Beobachtern zufolge wird der 45-Jährige bei den Verhandlungen mit Belgrad wahrscheinlich ein härteres Tempo als seine Vorgänger verfolgen. Serbien weigert sich weiterhin, die Unabhängigkeit seiner ehemaligen Provinz anzuerkennen.

Die Gespräche sollten sich nicht darauf konzentrieren, wie Serbien für den Verlust seiner ehemaligen Provinz “entschädigt” werden könnte, sagte Kurti. “Der Dialog zwischen Serbien und dem Kosovo muss unsere Länder zum Besseren verändern.” “Gegenseitigkeit und Gleichheit” sollte nicht das Ergebnis der Gespräche sein, sondern der Ausgangspunkt.

Kurtis Partei war bereits aus den beiden vorangegangenen Parlamentswahlen im Kosovo als stärkste Kraft hervorgegangen, scheiterte jedoch beide Male letztendlich an der Bildung einer stabilen Regierung. Nach den letzten Wahlen im Herbst 2019 bildete Vetevendosje nach harten Verhandlungen eine Koalition mit der LDK. Doch nur 50 Tage später fiel Kurti aufgrund eines vom LDK eingeleiteten Misstrauensvotums.

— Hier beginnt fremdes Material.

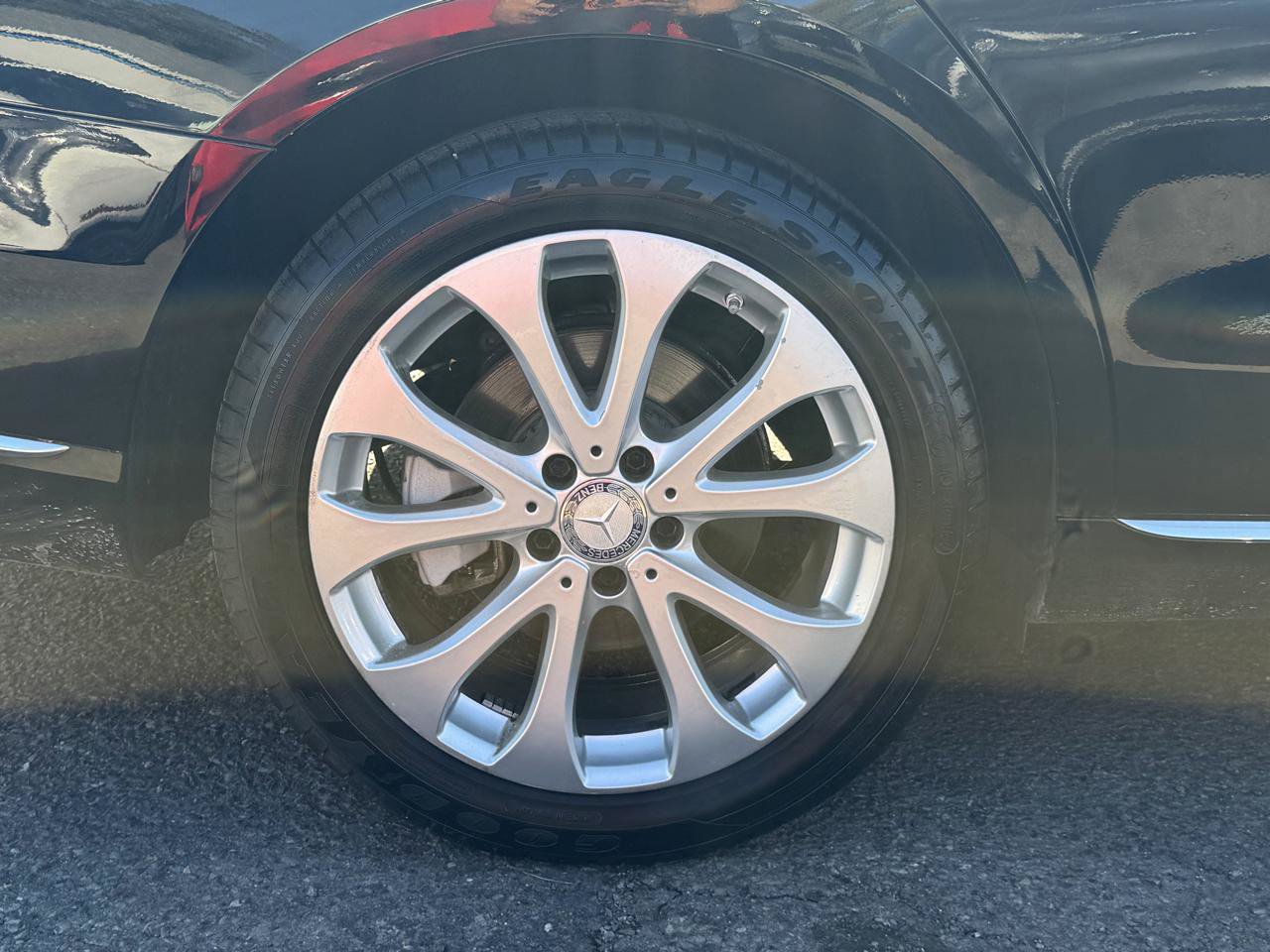 Used 2017 Mercedes-Benz E 300 4MATIC w/ Premium 1 Package image 38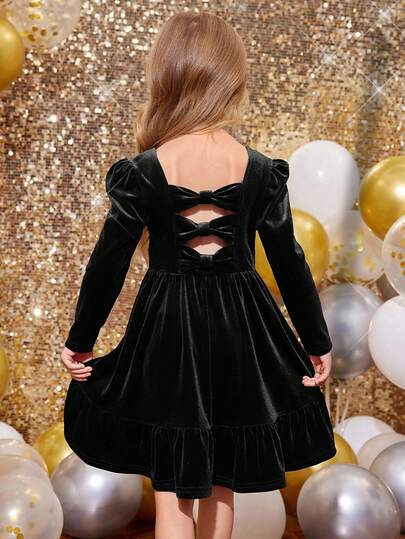 SHEIN فستان بنات صغيرات جميل مزين بفيونكة ثلاثية الأبعاد على الظهر، فستان بسيط أنيق مناسب للخريف والشتاء، للكريسماس، للحفلات، وللبس في أعياد الميلاد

Die LDK-Übergangsregierung musste ihrerseits abreisen, nachdem das Verfassungsgericht seine Wahl vom Parlament für ungültig erklärt hatte.

Kurti gehört zu einer neuen Generation von Politikern, die darauf drängen, dass die alte Garde im Kosovo mit 1,8 Millionen Einwohnern ersetzt wird. Dies hatte die Politik der ehemaligen serbischen Provinz seit ihrer Unabhängigkeitserklärung dominiert.

Der 45-jährige ehemalige politische Gefangene Kurti ist ein begabter Redner. Er ist besonders beliebt bei Jugendlichen und im Ausland lebenden Kosovaren, die der alten Führung vorwerfen, nichts gegen die Armut getan zu haben und gemeinsam für die grassierende Korruption im Land verantwortlich zu sein.

In den Jahren nach der Jahrtausendwende machte Vetevendosje erstmals durch Straßenproteste auf sich aufmerksam. Die Partei betrieb eine Plattform gegen Korruption und beschuldigte die herrschende Elite, die nach dem Krieg im Kosovo an die Macht kam, zu verschwenden, während arme Menschen in Not lebten.

Das Durchschnittseinkommen im Kosovo liegt derzeit bei rund 500 Euro pro Monat, die Jugendarbeitslosigkeit bei über 50 Prozent. Angesichts dieser Umstände wandern viele junge Kosovaren nach Deutschland oder in die Schweiz aus.